Read the steps first, then take 10 minutes to complete them.
Move fast, act quickly and stop over-thinking. Ready?
What You Need:
- Pen and notebook, or
- Smartphone app, or
- Interactive Diet & Exercise Diary from your 52 Weight Loss Missions Action Pack.
First, let’s work out why we should keep a food diary.
Here are several excellent reasons.
- People often underestimate how much they eat – so this is a great way to get real.
- Having to write down what you eat can help arrest mindless eating – and mindless eating can be a major factor in overeating.
- It can feel very rewarding when you fill in healthful, weight-loss-friendly choices – so that’s some nice positive reinforcement
- Tracking your food can give you helpful weight-loss insights into problem foods or problem times of day
- Writing down everything you eat can suddenly reveal ‘invisible’ calories you never acknowledged before – such as tasting while cooking, finishing kids’ meals, the true extent of snacking (you ate 25 cashews, not just a few).
- Research shows that tracking your food intake can enhance weight-loss success.
Importantly, keeping a food diary is not meant to make you feel bad; it’s meant to give you information.
Next, let’s decide where to keep your food diary. Choose one, or experiment with several to find one that fits seamlessly into your life.
- Use a small notebook or food diary you can keep in your purse. Keep a pen handy so you can jot down your entries wherever you are.
- Download one of the many apps available on smart phones. Search food diary or food tracker in the app store. Note: you don’t need to use calorie-tracking functions unless you want to.
- Use the Interactive Diet & Exercise Diary from your 52 Weight Loss Missions Action Pack. Use the interactive features to enter text from your computer or iPad, or print it out and write by hand.
The key to using your food diary successfully – so it aids your weight loss – is to leave nothing out.
These tips will help:
- Use it every day, for everything you eat. I’ll say it again so there can be no misunderstanding: Everything you eat.

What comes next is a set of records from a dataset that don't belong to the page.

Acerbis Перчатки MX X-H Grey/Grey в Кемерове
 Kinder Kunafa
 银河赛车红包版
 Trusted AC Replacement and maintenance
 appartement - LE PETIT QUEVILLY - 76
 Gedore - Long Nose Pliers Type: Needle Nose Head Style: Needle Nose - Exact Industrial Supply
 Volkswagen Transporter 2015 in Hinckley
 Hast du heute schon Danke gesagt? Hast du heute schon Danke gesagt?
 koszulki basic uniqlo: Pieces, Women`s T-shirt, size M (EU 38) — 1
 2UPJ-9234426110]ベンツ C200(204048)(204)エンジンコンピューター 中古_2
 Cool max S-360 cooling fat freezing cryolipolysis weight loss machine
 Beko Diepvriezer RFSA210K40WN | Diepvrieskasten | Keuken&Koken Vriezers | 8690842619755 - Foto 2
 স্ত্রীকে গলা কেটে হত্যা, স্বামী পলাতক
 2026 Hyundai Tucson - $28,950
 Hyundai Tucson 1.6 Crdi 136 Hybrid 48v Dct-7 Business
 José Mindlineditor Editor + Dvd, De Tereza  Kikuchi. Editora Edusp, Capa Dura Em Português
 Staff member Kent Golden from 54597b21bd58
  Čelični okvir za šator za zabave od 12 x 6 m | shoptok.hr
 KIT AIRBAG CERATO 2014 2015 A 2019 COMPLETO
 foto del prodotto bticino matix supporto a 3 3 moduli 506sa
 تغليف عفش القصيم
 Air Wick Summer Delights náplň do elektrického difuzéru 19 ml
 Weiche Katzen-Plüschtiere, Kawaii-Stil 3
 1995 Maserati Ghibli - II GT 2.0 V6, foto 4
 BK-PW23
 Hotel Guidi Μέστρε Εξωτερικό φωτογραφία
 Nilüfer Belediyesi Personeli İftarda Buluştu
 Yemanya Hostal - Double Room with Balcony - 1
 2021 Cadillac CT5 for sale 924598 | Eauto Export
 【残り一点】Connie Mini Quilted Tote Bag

- Record your entry immediately after eating, so nothing is forgotten. Make this a habit.
- Be descriptive, saying small, medium or large; number of items, spoons, cups; etc.
- Medium apple
- 1.5 chocolate bars
- 25 cashew nuts
- Large bowl of cereal
- Small skim cappuccino.
- Include the method of cooking – baked, grilled, fried, etc.
- Remember to include sauces, spreads, dressings, condiments, etc.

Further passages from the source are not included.